Distributionally Robust End-to-End Portfolio Construction

 

Abstract:

We propose an end-to-end distributionally robust system for portfolio construction that integrates the asset return prediction model with a portfolio optimization model. Furthermore, we also show how to learn the risk-tolerance parameter and the degree of robustness directly from data. End-to-end systems have an advantage in that information can be communicated between the prediction and decision layers during training, allowing the parameters to be trained for the final task rather than solely for predictive performance. However, existing end-to-end systems are not able to quantify and correct for the impact of model risk on the decision layer. We propose a distributionally robust end-to-end portfolio selection system that explicitly accounts for the impact of model risk.
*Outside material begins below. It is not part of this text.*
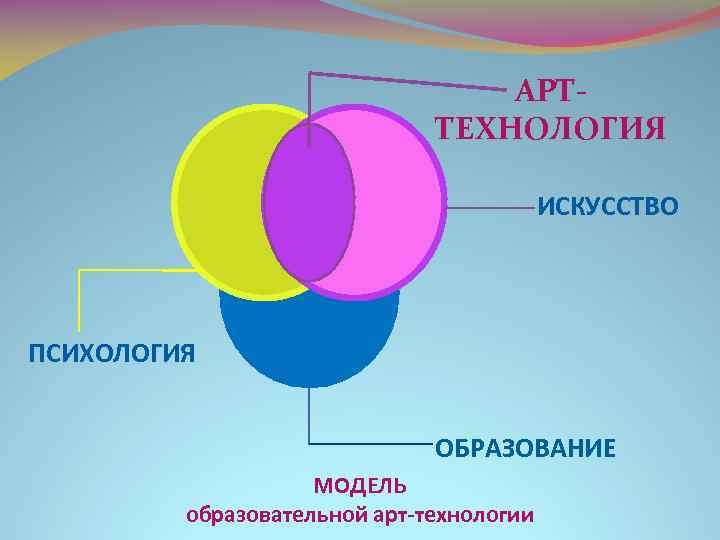 АРТТЕХНОЛОГИЯ И Р ИСКУССТВО ПСИХОЛОГИЯ ОБРАЗОВАНИЕ МОДЕЛЬ образовательной арт-технологии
The decision layer chooses portfolios by solving a minimax problem where the distribution of the asset returns is assumed to belong to an ambiguity set centered around a nominal distribution. Using convex duality, we recast the minimax problem in a form that allows for efficient training of the end-to-end system. This a joint work with Giorgio Costa (Millennium Investment Management)

Bio:

Garud Iyengar the Tang Professor of Operations in the Fu School  of Engineering and Applied Science at Columbia University. Dr. Iyengar received a B Tech in electrical engineering from the Indian Institute of Technology in 1993 and a PhD in electrical engineering from Stanford University in 1998. The research is focused on optimization and control for many different application domains including power networks, finance, supply chain management, and biological systems. He was elected an INFORMS Fellow in 2018.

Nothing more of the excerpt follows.